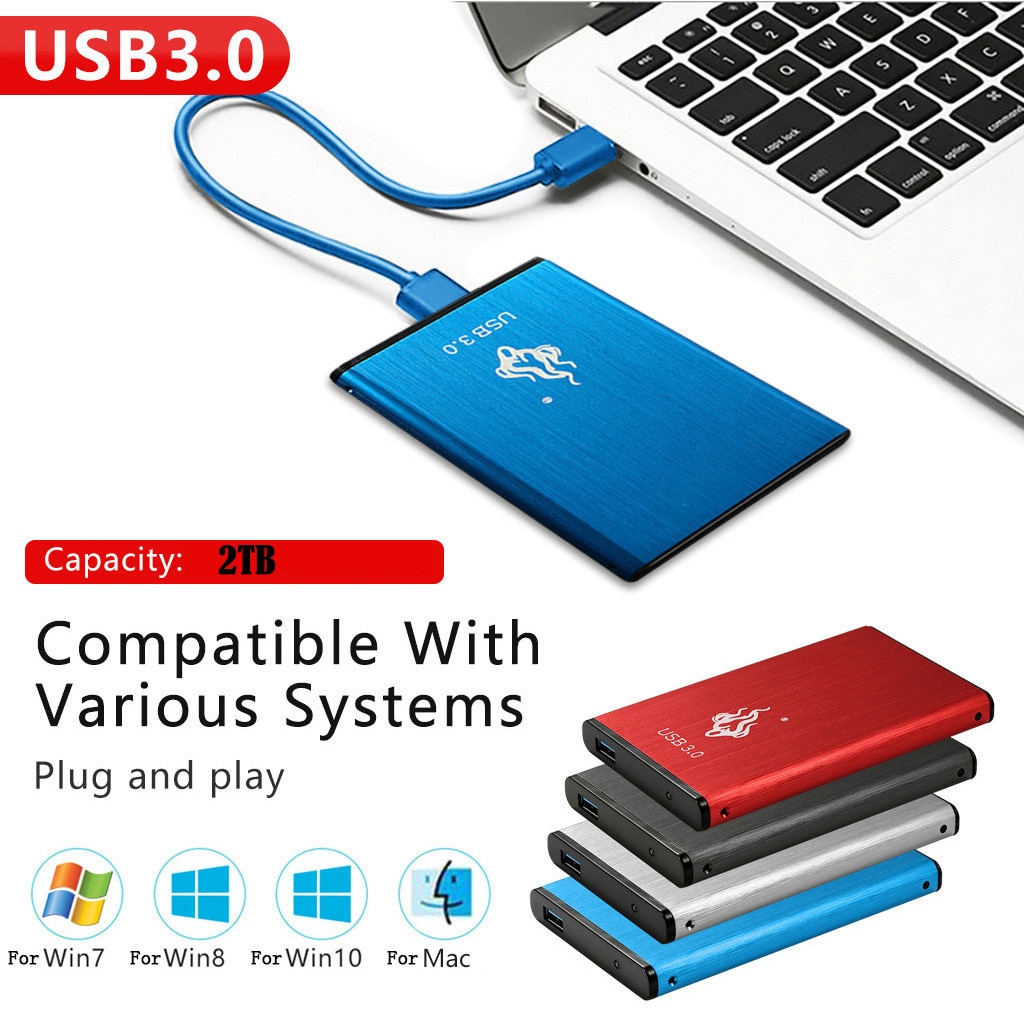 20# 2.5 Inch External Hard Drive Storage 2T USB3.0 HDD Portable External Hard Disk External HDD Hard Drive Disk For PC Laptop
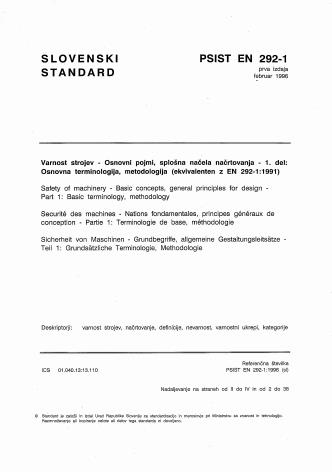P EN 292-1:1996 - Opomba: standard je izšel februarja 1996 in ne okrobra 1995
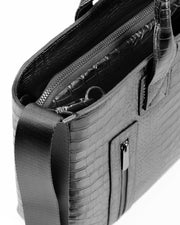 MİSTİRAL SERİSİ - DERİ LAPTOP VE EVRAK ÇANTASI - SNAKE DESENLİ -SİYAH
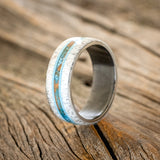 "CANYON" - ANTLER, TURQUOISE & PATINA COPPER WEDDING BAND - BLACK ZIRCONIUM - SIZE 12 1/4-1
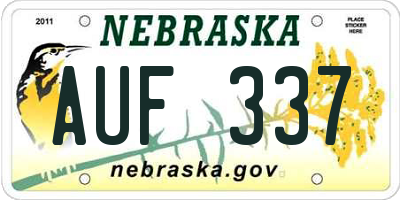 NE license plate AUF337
○ ○ ○ ○
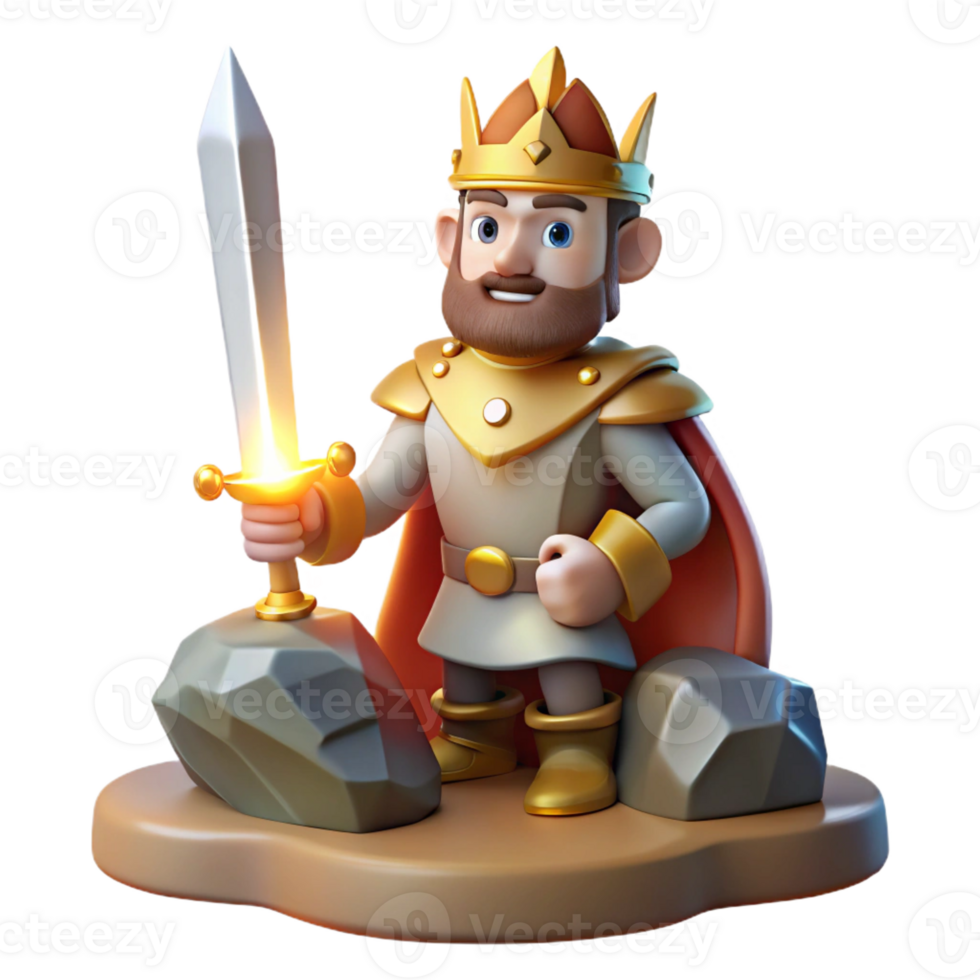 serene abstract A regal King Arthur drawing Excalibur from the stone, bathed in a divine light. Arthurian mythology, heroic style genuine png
○ ○ ○ ○
Whatever pictures the records hold, omit them; give again exactly the lines from the one containing "20# 2.5 Inch" through the one containing "NE license plate AUF337".

● **SOLVED PROBLEM**:
 20# 2.5 Inch External Hard Drive Storage 2T USB3.0 HDD Portable External Hard Disk External HDD Hard Drive Disk For PC Laptop
P EN 292-1:1996 - Opomba: standard je izšel februarja 1996 in ne okrobra 1995
 MİSTİRAL SERİSİ - DERİ LAPTOP VE EVRAK ÇANTASI - SNAKE DESENLİ -SİYAH
 "CANYON" - ANTLER, TURQUOISE & PATINA COPPER WEDDING BAND - BLACK ZIRCONIUM - SIZE 12 1/4-1
 NE license plate AUF337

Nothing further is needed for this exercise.